特にオーストラリアはF-111を失って以降、航空機による長距離攻撃能力を喪失した状態で「米空軍が開発中のB-21を導入すべき」との意見が飛び出すほど長距離攻撃能力の最取得に関心が高く、デービス氏も「政治的にも財政的にも問題が多いB-21導入や単座で長距離攻撃に最適化されていないF-35Aよりも、無人で運用可能なロイヤル・ウィングマンこそ理想な長距離攻撃のプラットフォームに成長する可能性を秘めている」と期待ており、良くも悪くもオーストラリア空軍の将来はロイヤル・ウィングマンの出来次第と言ったところだ。

ただ日本と同じようにオーストラリアも長距離攻撃を重視しており、デービス氏は「F-35AやF/A-18E/Fに長距離攻撃が可能なミサイルを統合するだけでは不十分」だと語り、航空機に搭載されたレーダーを超える射程を有するミサイルを海上移動する目標に対して効果的に使用するためには「レーダーを搭載した無人システム(無人航空機や無人艦艇)や導入が予定されている地球低軌道上の監視衛星など偵察・監視能力を同時並行で整備する必要がある」と指摘している。

出典:public domain

最後にデービス氏はF-35Aの後継機についても興味深い指摘を行なっている。

国防省の計画ではF-35Aの更新検討が本格化するのは2035年頃(更新開始時期は2040年後半頃)だと言っているが、デービス氏は間違いなく空軍内でF-35Aの後継機問題に関する話し合いは始まっているだろうと語り「オーストラリアはF/A-18A/Bを更新するため2002年にF-35プログラムに参加したが更新用のF-35Aを実際に受け取るのに約18年も掛かっているので更新作業を前倒す必要がある」と主張、F-35Aの後継機は特定任務に最適化されたプラットフォームに回帰するのが正解なのかもしれないと言っており非常に興味深い。
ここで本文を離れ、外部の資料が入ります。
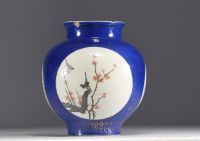 China - A polychrome porcelain vase with a powder blue background and cartouche decoration of birds and flowers, Qing period, 18th century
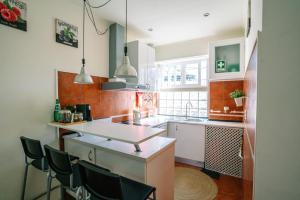 リスボンにあるAlameda Apartments & Roomsのキッチン(白いカウンター、黒い椅子付)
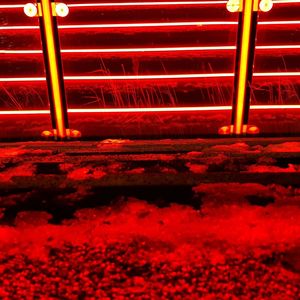 High angle view of illuminated red staircase at night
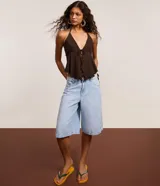 Bermuda jorts de denim color celeste claro, de tiro medio con cinco bolsillos, trabillas para cinturón y cierre frontal con botón y cremallera.
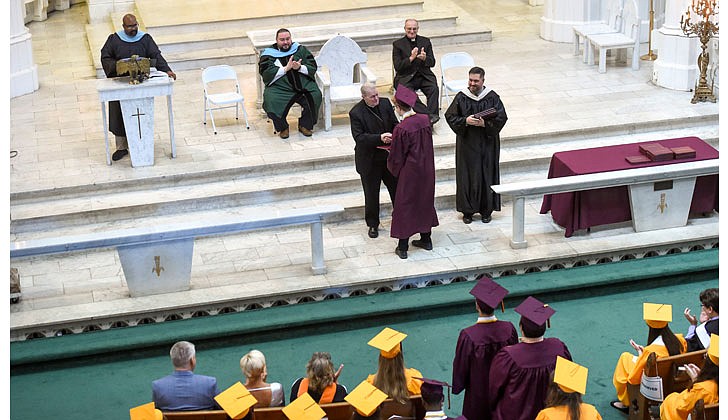 Notre Dame-Bishop Gibbons School held its Commencement Ceremony on June 25 at St. John the Evangelist Church in Schenectady. With a 100 percent graduation rate, the 33 seniors received over $8 million dollars in scholarships and grants for college over four years. In addition, they were accepted into 65 colleges and universities in 12 states and 20 New York counties.   Bishop Edward B. Scharfenberger (c.) congratulates NDBG graduate Lincoln Hempstead during the conferring of diplomas.  Cindy Schultz photos for The Evangelist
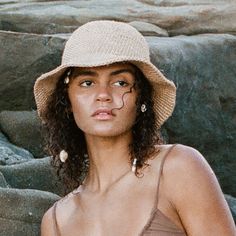 The perfect, minimal vegan bucket hat that will surely become a staple in your wardrobe. Made by hand from naturally-dyed, cabuya plant fiber. A cute, packable hat made by hand and in small batches by our talented women artisan group, this will be your new favorite companion for sunshine-soaked days. Our hats are handmade and one-of-a-kind. This means that no two are exactly alike and almost all contain irregularities from size to color. Please allow for slight imperfections as this is what adds Unisex Crochet, Summer Bucket Hat, All Natural Makeup, Packable Hat, Ethical Shopping, Crochet Bucket Hat, Carbon Offset, Plant Fibres, Summer Bucket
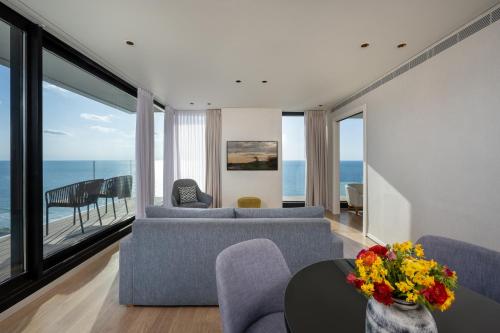 a living room filled with furniture and a view of the ocean at Vert Lagoon Netanya in Netanya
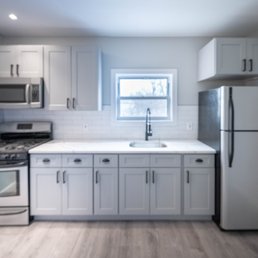 Terraform Construction - a kitchen with white cabinets and stainless steel appliances - General Contractors Near Me - Brooklyn, New York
デービス氏は「F-35は複数の任務を単一の機体に集約化させるというアプローチで開発されたため、これはF-35Aが特定の任務に最適化されていないことを意味する。そのためF-35Aの後継機は特定任務に最適化されたプラットフォームに回帰して航空優勢を確保するための制空戦闘機、長距離攻撃任務に適した戦闘爆撃機、電子攻撃に特化した電子戦機を迅速に獲得したほうが正解なのかもしれない」と言っている。

出典:public domain

恐らくデービス氏は米空軍のデジタルセンチュリーと呼ばれる戦闘機開発アプローチにも触れているため、F-35Aの後継機は用途を絞って開発期間を短縮しないとF-35の二の舞になると言いたいのだろう。

なかなか興味深い主張だがF-35Aの後継機をオーストラリアが単独で開発することは難しく、どうやってF-35Aの後継機を調達するのかに関してはデービス氏も「米国や英国との協力を促進する」と表現するに留まっているが、仮に彼の主張を実現するには英国のテンペストプログラムに参加して豪州好みの独自仕様機を導入するしか実質的に選択肢がない。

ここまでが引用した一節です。